It has apparently worked too. According to a recent USA Today article, there are nearly nine times more girls playing sports at the high school level today versus 1972 and, since the NCAA took over the administration of women’s intercollegiate athletics in 1981, participation has more than doubled. The tremendous increase in the participation of women in high school and intercollegiate athletics eventually led the formation of women’s professional sports leagues.
The gains by women in athletics have not come without a cost. Title IX basically requires that if a particular university has 55% of their student body made up of women, then 55% roughly plus or minus 1% of that school’s athletes must be women.
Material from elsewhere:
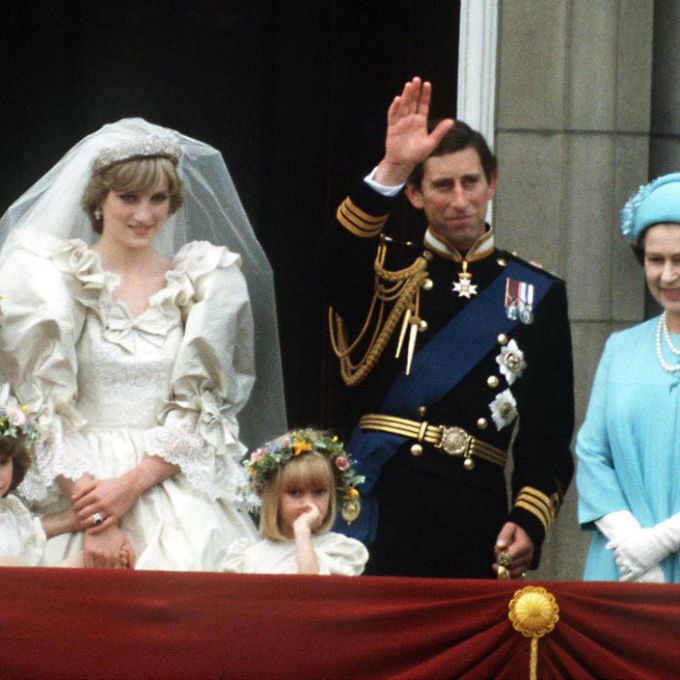 Leilão inédito de itens da Princesa Diana movimenta US$ 300 mil por vestido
Obviously there are two ways to achieve “proportionality,” those being to add opportunities for women, the desired outcome, or cut men’s sports, the unintended consequence.
It is far easier for budget strapped administrators to cut a non-revenue producing men’s sport than it is to add expenses to the budget by fielding more women’s teams. It is estimated that approximately 170 intercollegiate wrestling programs have been eliminated. Other “minor” men’s sports such as gymnastics, baseball and swimming have been cut. On the other side, schools such as Michigan and Arizona State are adding women’s rowing teams going so far as to advertise for “athletes” to come out for the sport.
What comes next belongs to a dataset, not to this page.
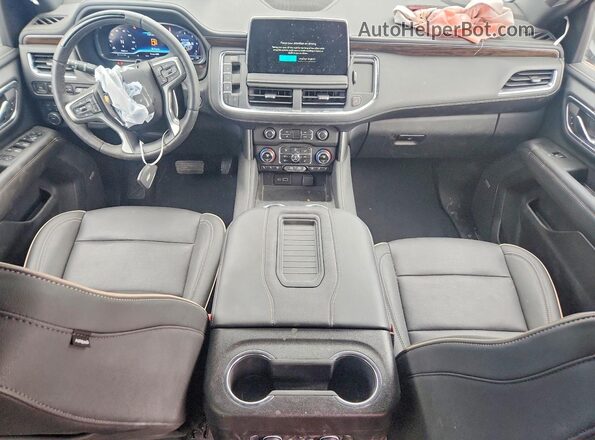 1GNSKFKT0PR487341 2023 CHEVROLET SUBURBAN Бордовый Вид панели приборов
Can any act, no how well intentioned, be considered successful when opportunities are lost? What does it say when schools have to advertise for students to fill out their women’s teams? It says to me that Title IX, for all of the benefits that have resulted since its implementation, needs to be fixed.
In June of 2002, a Commission on Opportunity in Athletics was formed to review Title IX and its implications. It is widely expected that the Commission will recommend changes that will water down the proportionality requirements.
Of course there are strong opinions on both sides but the one that proponents of Title IX constantly bring up is the disproportionate weight that football has in the athletic departments. They will offer that if institutions would reduce scholarships from 85 to 60 and reduces coaches’ salaries in football and basketball they would have plenty of money to fund the so-called minor sports for men.
Once again this is a shortsighted viewpoint. Football and basketball pay the bills for the entire athletic department at most major schools. And even more to the point, there is a huge public demand for college football and basketball. If the “solution” to the problem involves the de-emphasis, i.e. budget cutting, of football and basketball, the golden goose will be dead and there will be plenty women joining the male gymnasts and wrestlers on the sidelines wondering just what became of their athletic opportunities.
There is no need to make major changes to Title IX. It has served the purpose of increasing opportunities for women but it some changes are required. It is ludicrous that male athletes lose opportunities while women's teams go begging for athletes.